How to continue scraping the next URL if one URL is return a 404 when using IronWebScraper

228 Views Asked by At

I'm building a small scraper that navigates through a set of URL.

Currently I've something like:

public class MyScraper: WebScraper{
    private Queue<String> _urlToParse = new Queue<String>();

    public override void Init(){
        //Initializing _urlToParse with more than 1000 URLs
        Request(_urlToParse.Dequeue(), Parse);
    }
    
    public override void Parse(Response response){
        if(response.WasSuccessful){
            //...Parsing
        }else{
            //logging error
        }
        
        Request(_urlToParse.Dequeue(), Parse);
    }
}

But the Parse Method isn't called when I receive a 404 error.

Consequence:

  1. I cannot log the error(and when Going out the first Request call, I've no way to know if it has been successfull
  2. The next URL is not parsed

I was thinking that I would go to the Parse method with response.WasSuccessful = false and then be able to check the status code.

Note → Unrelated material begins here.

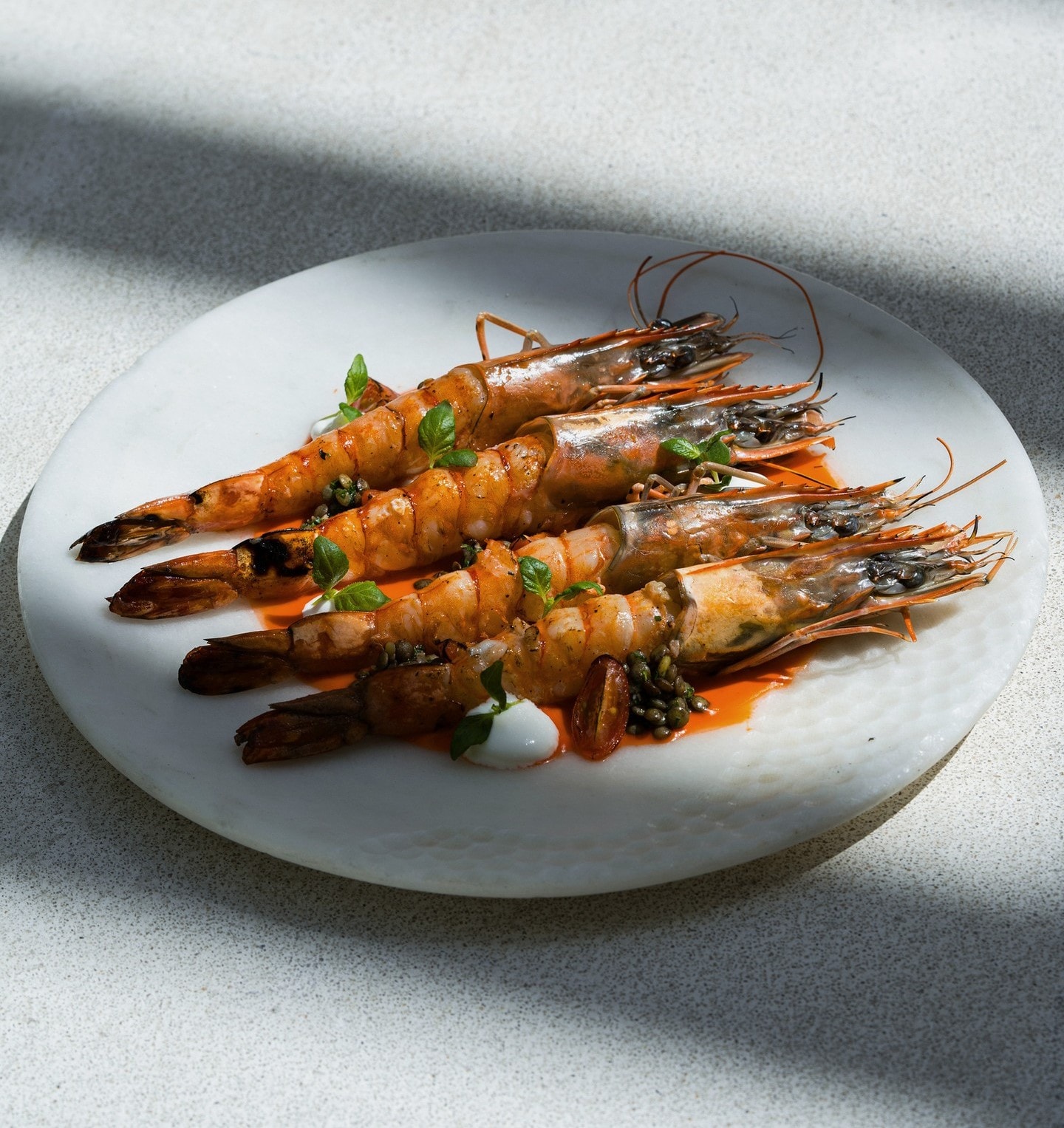 Grilled prawns plated at SĀN Beach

How should I do to handle this 404?

1

There are 1 best solutions below

5
David Specht On

The only way I could find to log the failed Url is to override the Log(string Message, LogLevel Type) method. There doesn't appear to be a good reason to have response.WasSuccessful. As you said it only appears to call Parse() when it is succesful.

public class MyScraper : WebScraper
{
    private Queue<string> _urlToParse = new Queue<string>();

    public override void Init()
    {
        _urlToParse.Enqueue("https://stackoverflow.com/");
        _urlToParse.Enqueue("https://stackoverflow.com/nothing");
        _urlToParse.Enqueue("https://google.com/");

        Request(_urlToParse.Dequeue(), Parse); 
    }

    public override void Parse(Response response)
    {            
        Console.WriteLine("Handeling response");

        if (_urlToParse.Count > 0)
        {
            Request(_urlToParse.Dequeue(), Parse);
        }            
    }

    public override void Log(string Message, LogLevel Type)
    {
        if (Type.HasFlag(LogLevel.Critical) & Message.StartsWith("Url failed permanently"))
        {
            Console.WriteLine($"Logging failed Url: {Message}");

            if (_urlToParse.Count > 0)
            {
                Request(_urlToParse.Dequeue(), Parse);
            }
        }
    }
}

Another option is it appears that WebScraper has a MaxHttpConnectionLimit that you could use to make sure it was only opening one connection at a time.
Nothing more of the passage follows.